5. Director of Professional Standards.

The Director of Professional Standards position required a "minimum ten years experience in auditing and conducting investigations including supervisory experience or any equivalent combination of relevant training and experience."(Def. Resp. to Pl. First Set. of Interrogatories 2(f); Job Description; Ex. 25, attached to DE 28.) The position has been vacant since 2005. (Chasin Dep. at 50.)

6. Assistant Director of Records

With respect to the Assistant Director of Records position, the job description requires "thorough progressively responsible experience in records management, including experience in the supervisory and administrative aspects of the work or any equivalent combination of training and experience" (Job Description, Ex. 26, attached to DE 28.) On or about June 2007, when the Board voted to eliminate SED, the Division of County Records began to train Tom Kennedy, a 52 year old white male, to become Assistant Director of the Division of County Records. The decision to promote him was taken pursuant to the Division's succession plan. ((Def. Resp. to Pl. First Set. of Interrogatories ¶ 1(g); Sue Baldwin Decl. ¶¶ 4-5; HR Memorandum, Ex. 27, attached to DE 28.) Mr. Kennedy was appointed in June 2008. (Baldwin Decl. ¶ 6.) Mr. Kennedy had almost three years experience as the records automation manager and more than 12 years experience as the liaison from the County's Office of Information Technology to the Records Division. (Baldwin Decl. ¶ 4.) The County states that Plaintiff had no records management experience. (Def. Resp. to Pl. First Set. of Interrogatories ¶ 2(g).)

Plaintiff states that she overheard Ms. Baldwin state that she wanted to handpick a new assistant director at county records who was "a lot younger" so that she would not have to go through the selection process again. (Lane Decl. ¶ 17.) Plaintiff points out that the current director of county records is both a lawyer and former director of SED. (Lane Decl. ¶ 16.)

Plaintiff did not apply for the Risk Management, County Records or Professional Standards positions because she did not know they were available. (Lane Decl. ¶ 15.) There is, however, a letter dated July 15, 2008 from Plaintiff to James R. Acton, Jr., the Human Resources Director of the Broward County Commission, stating that Plaintiff wishes to apply for the Assistant Director of County Records position. (July 15, 2008 Letter from Lane to Acton, Ex. 11, attached to DE 36.) Mr. Acton replied on July 25, 2008, stating that the position had been filled pursuant to "planned succession management." (July 25, 2008 Letter from Acton to Lane, Ex. 11, attached to DE 36.)
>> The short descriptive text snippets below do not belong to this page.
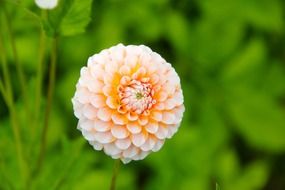 white garden dahlia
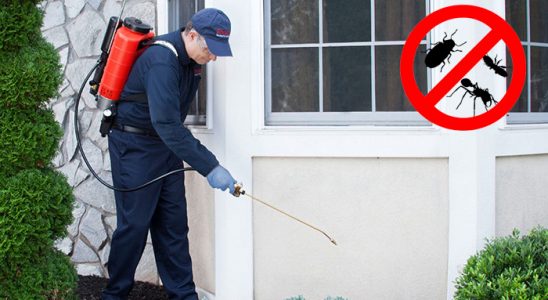 Koyulhisar Sivrisinek İlaçlama böcek ilaçlama ve haşere kontrolü — ilaclama-tr.com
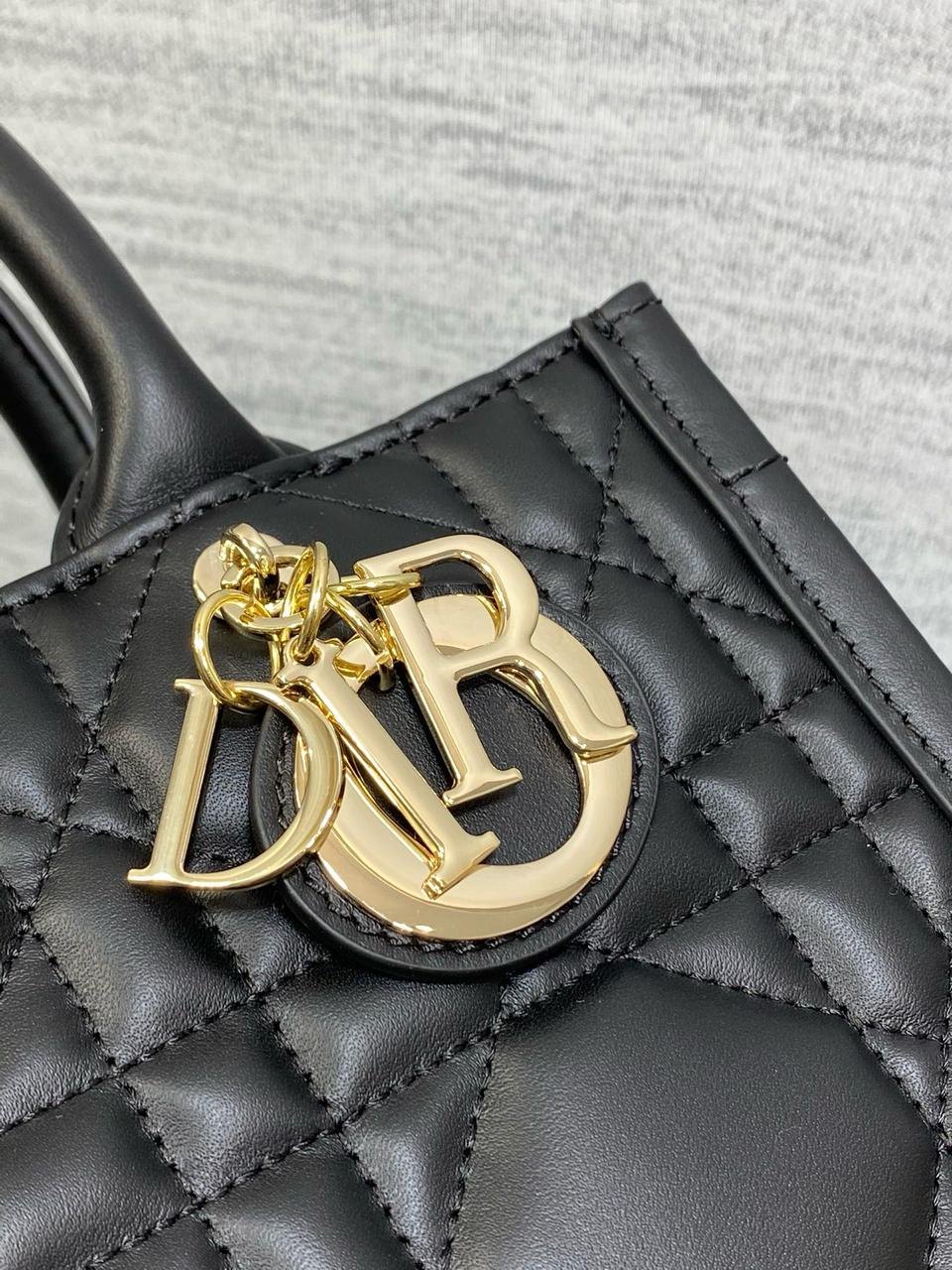 Small Dior Book Tote Bag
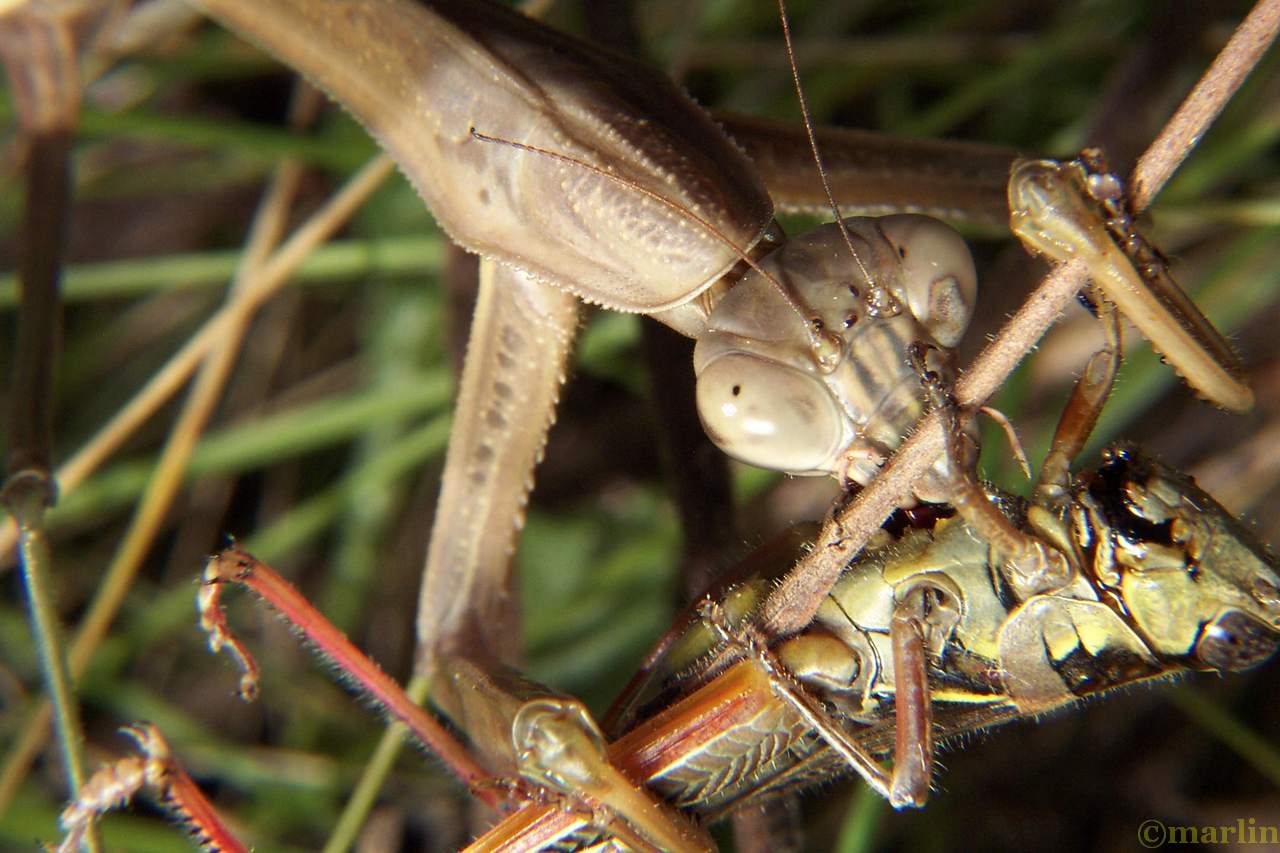 color photo Chinese praying mantis attacks grasshopper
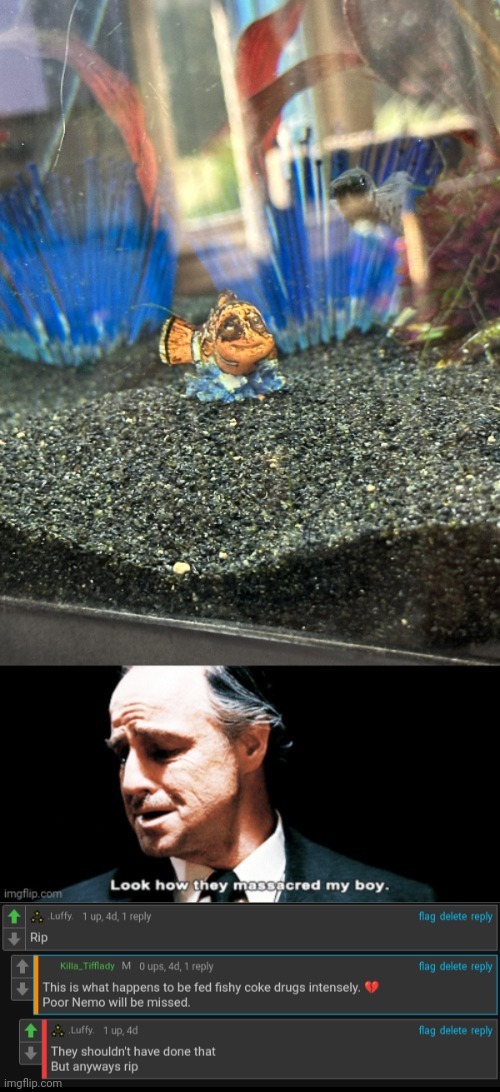 Nemo... | image tagged in nemo,finding nemo | made w/ Imgflip meme maker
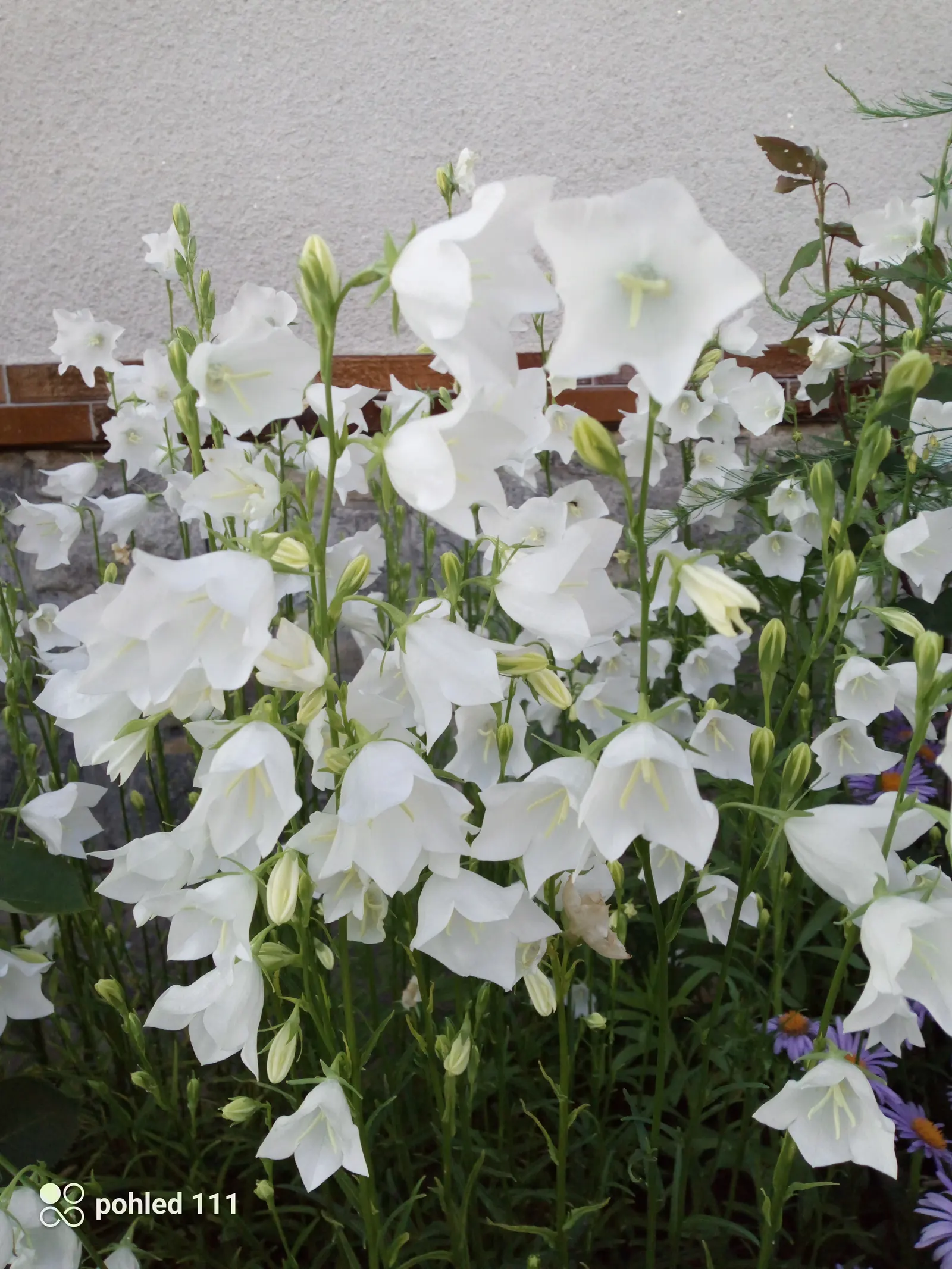 White Peach-Leaved Bellflower (Campanula Persicifolia 'White') — perennial for full or half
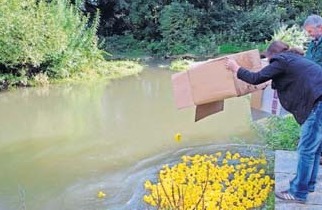 400 Enten schwimmen um die Wette. 400 Enten schwimmen um die Wette.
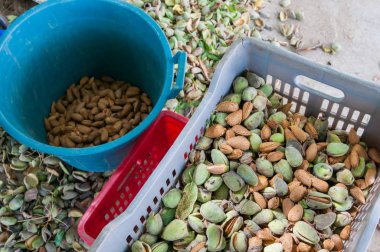Biraz yakından görmek sadece badem Romana adı verilen çeşitli aldı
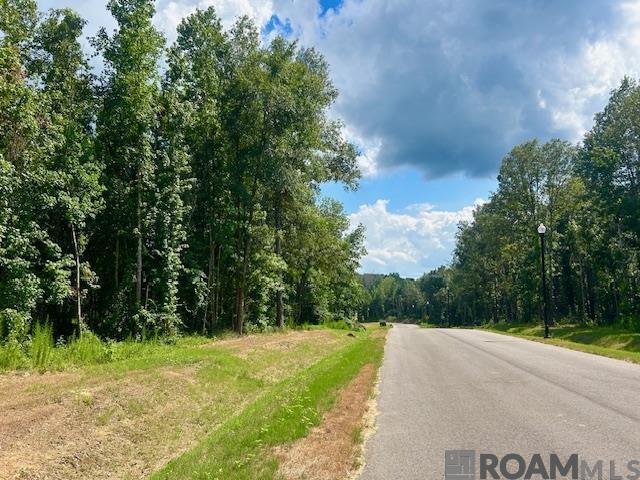 4053 Oak Run Dr, St Francisville, LA, 70775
In March 2008, Plaintiff accepted a position as a Special Projects Coordinator III at the Division of Solid Waste. Her salary was set at $69,146.00, which was the top of the salary range for the position. (Kelleher Decl. ¶ 8; Broward County Combined Pay Plan Classification, Ex. 6, attached to DE 28.) Plaintiff requested that her salary be "red-circled" so that she could retain the salary of approximately $106,000.00 she was paid as Director of SED. (Kelleher Decl. ¶ 9.) Red-circling is the mechanism by which a County employee is permitted to earn a salary above the salary range of his/her position. (Kelleher Decl. ¶ 10.) According to Kelleher, Plaintiff's request for redcircling was denied in accordance with County policy that employees who accept a lower paying position in lieu of a layoff will earn a salary within that position's salary range. (Kelleher Decl. ¶ 11.)

Plaintiff claims that an African-American employee, Alicia Antoine, was also demoted but allowed to keep her manager-level salary. The County states that Ms. Antoine was permitted to keep her salary as a regional manager after her demotion because her salary was within the salary range of the position into which she was demoted. (Kelleher Decl. ¶ 12; Broward County Combined Pay Plan Classification, Ex. 15, attached to DE 28.) However, Plaintiff points to a letter from Mr. Acton that states that Ms. Antoine's situation was not the result of a reduction in force, but the result of a settlement agreement. (Acton Letter, Ex. 1, attached to DE 36.)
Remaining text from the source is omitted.